With the increased competition in the channel, many crop input manufacturers are using programs to increase revenue. Generally, there are three types of program strategies used to support increasing channel revenue.

To ensure program funds are being leveraged effectively, it’s important for incentives to be linked to desired actions. Areas of consideration with regard to programming concepts are:

  • Are you receiving competitive pressure in areas of technology and portfolio support programs?
  • Are you focused on growth?
  • Are there portfolio complements you need to leverage?


We recommend three strategies to support the successful execution of your marketing programs:

  • Tiered incentives
  • Category incentives
  • Matching incentives


Tiered Incentives

Tiered purchase incentives escalate incentives based on attaining a tier. The goal is to create logical tiers to incentive and lift customer spending from one tier to the next. Tier goals can be determined on many metrics, such as: total sales, acres attained, product SKUs sold, customers sold to, and more. Once a goal is met, an incentive is paid. Tiered incentives commonly provide a percent of sales dollars, dollar per unit, or dollar per acre rebates for attaining a tier goal. Customers may also be rewarded for nearing a tier, and get prorated incentives.

Category Incentives

Category incentives involve a group of products and a goal set for the group, typically including at least two groups with categories. Categories should follow logical groupings of products, such as the product segment. Category incentives help break customer’s targets down to manageable groups and encourage support across multiple product portfolios.
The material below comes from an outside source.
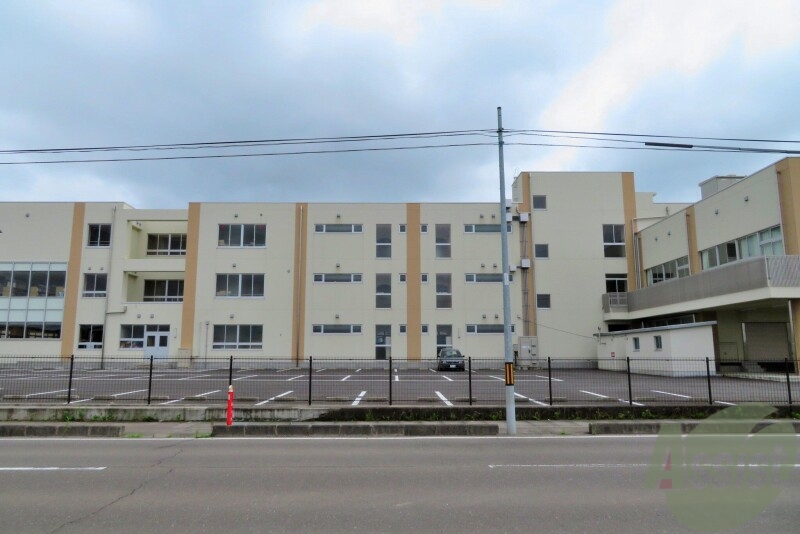 小学校　名取市立増田西小学校（小学校）まで408m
Goals and incentive structure for categories can be the same as tiered incentives. Category incentives have additional options, such as providing an improved incentive across categories for meeting multiple category goals.

Matching Incentives

Matching incentives involve multiple products or groups of products, and pay on the link between matched products. Matching programs are especially useful with a wide portfolio of products, as they can be used to promote support across portfolios. Matching programs are common at the grower level to encourage use of complementary seed and crop protection products. Most matching programs are designed to provide the maximum incentive to the grower, so if there is a 3-product acre match, and still some acres left over for a 2-product match, the grower would be paid on both.


Long story short…

Combining strategy with a congruent incentive structure creates increased brand loyalty, supports multiple brand use and increases revenue.